R. R. C. : Au théâtre, il y a eu Natures mortes de Serge Boucher [créée au Quat’Sous en 1993]. Or, j’aimerais aussi savoir d’où l’on vient, bien avant le sida. Toute la période cachée, quand tu n’avais pas le choix d’aller dans des lieux clandestins et sordides pour rencontrer des hommes. Avoir les témoignages de ceux qui devaient se cacher à tout prix ; ces pères de famille qui ne se l’avouaient même pas à eux-mêmes. L’auteur français Dominique Fernandez l’a évoqué dans son roman La gloire du paria. Je ne suis pas si vieux, mais je me souviens qu’adolescent, quand je voyais un beau gars dans le métro qui semblait homosexuel, je n’osais pas le regarder de peur de me faire casser la gueule ! À l’époque, pour montrer à un homme que tu étais intéressé, il fallait presque s’efféminer, prendre des poses maniérées pour signifier : « Moi aussi, je suis comme ça ! »

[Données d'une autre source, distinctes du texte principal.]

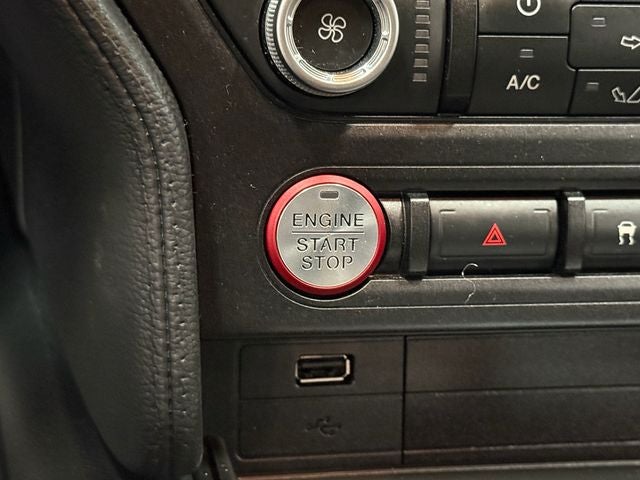 2023 Ford Mustang GT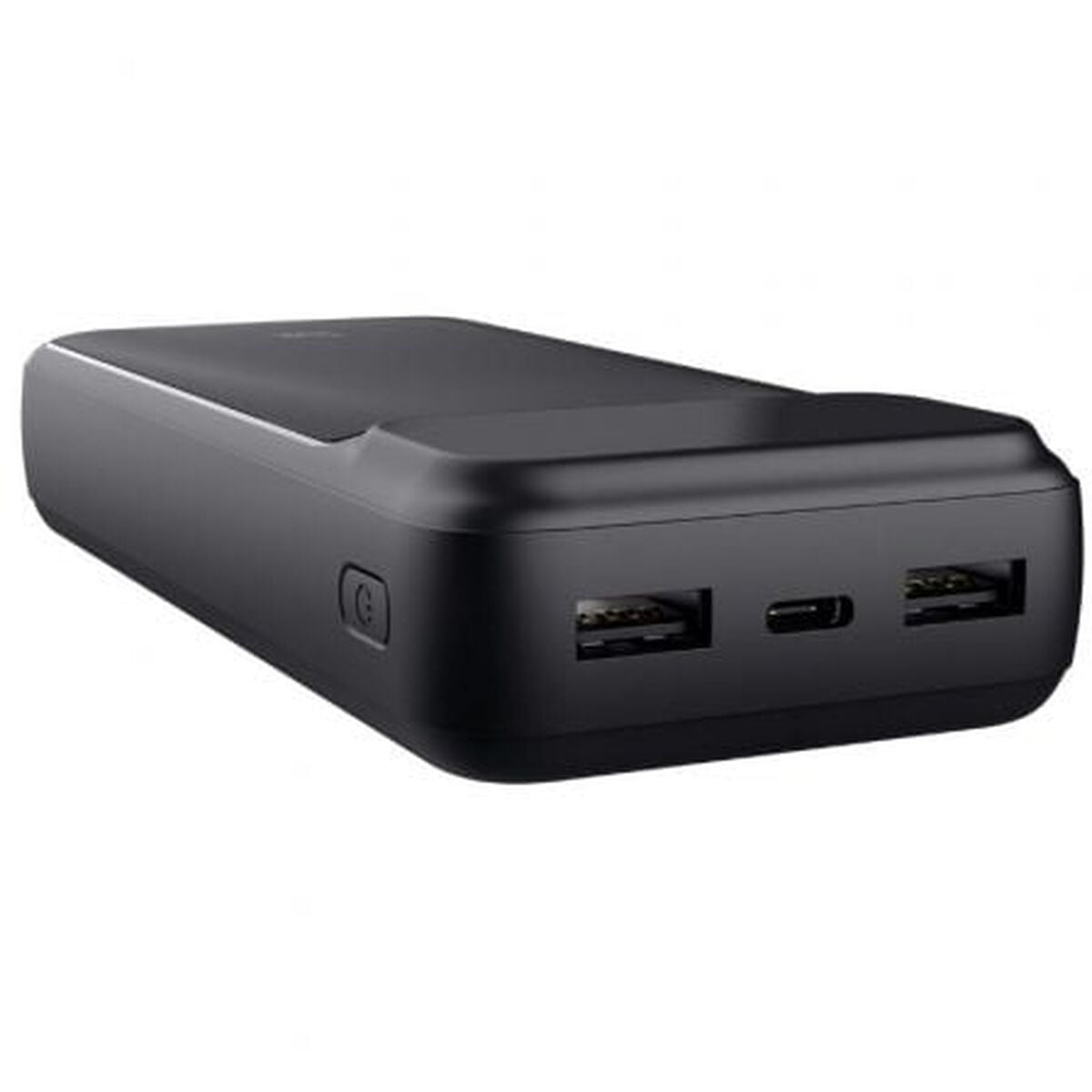 TRUST Powerbank AVALA 20.000 mAh Fast Charge - Black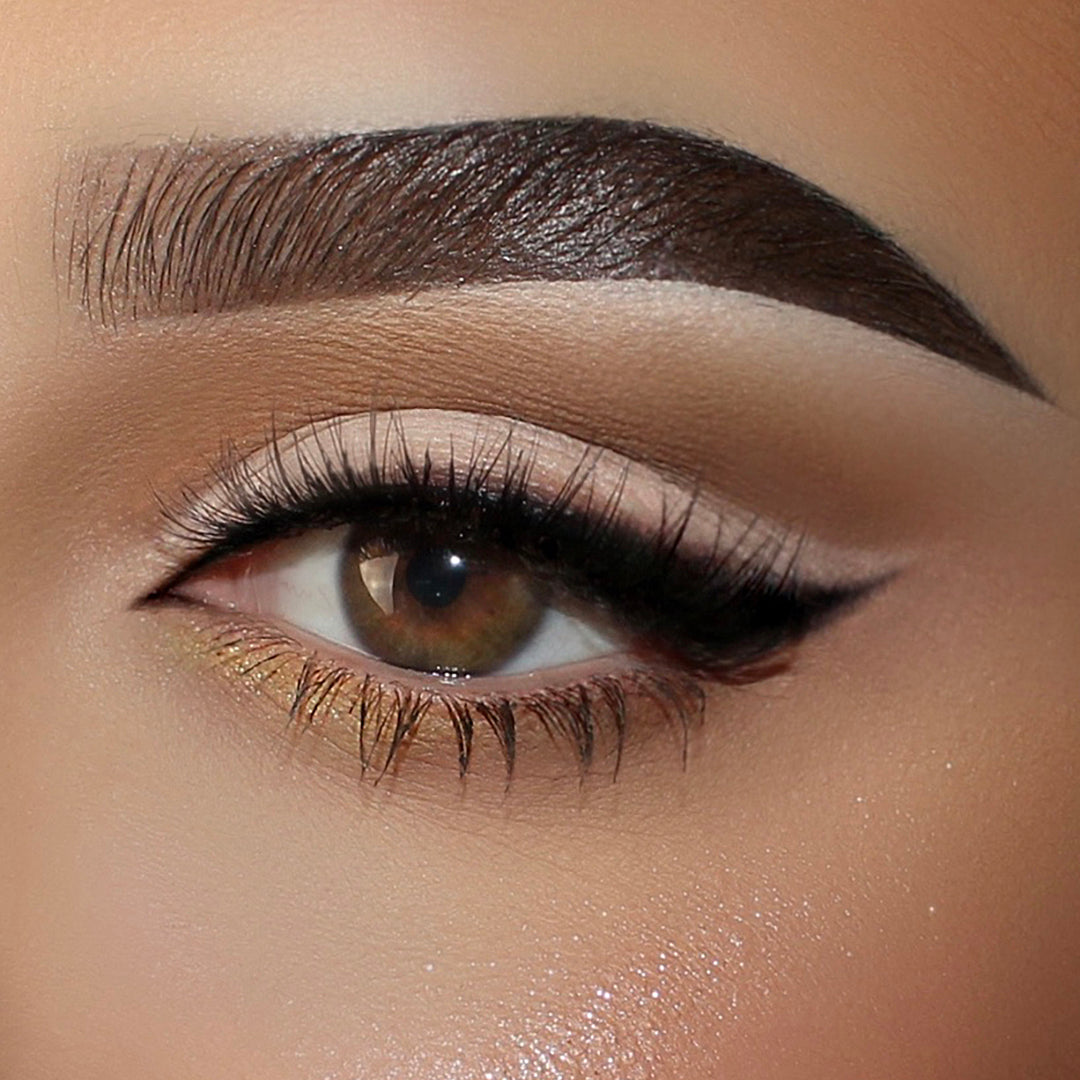 Eyeshadow Palette - Ritzy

K. L. : Il y a des choses qui ne changent pas. C’est encore dur aujourd’hui, surtout quand tu es isolé, de le dire à tes proches. En région, beaucoup d’hommes vivent leur homosexualité dans la clandestinité. Des connaissances au Saguenay m’ont reproché de leur avoir menti en leur cachant mon orientation sexuelle plus jeune. Or, ce n’est pas juste une question de le dire ou pas. C’est plus compliqué que ça. L’homosexualité n’est pas une chose que tu découvres un matin, puis que tu décides de recouvrir avec un couvercle pour ne pas l’afficher… Tu dois d’abord l’accepter toi-même. Et c’est le travail d’une vie, se connaître. René Richard, trouves-tu, comme moi, qu’il y a plusieurs personnes en nous ?

R. R. C. : Oui, mets-en ! Et j’en découvre encore [rires]. On est très, très nombreux dans ma tête : la victime et le bourreau, la belle et la bête, l’enfant et l’adulte… Ils sont tous là. Il faut juste le reconnaître.

Les propos ont été édités par souci de concision.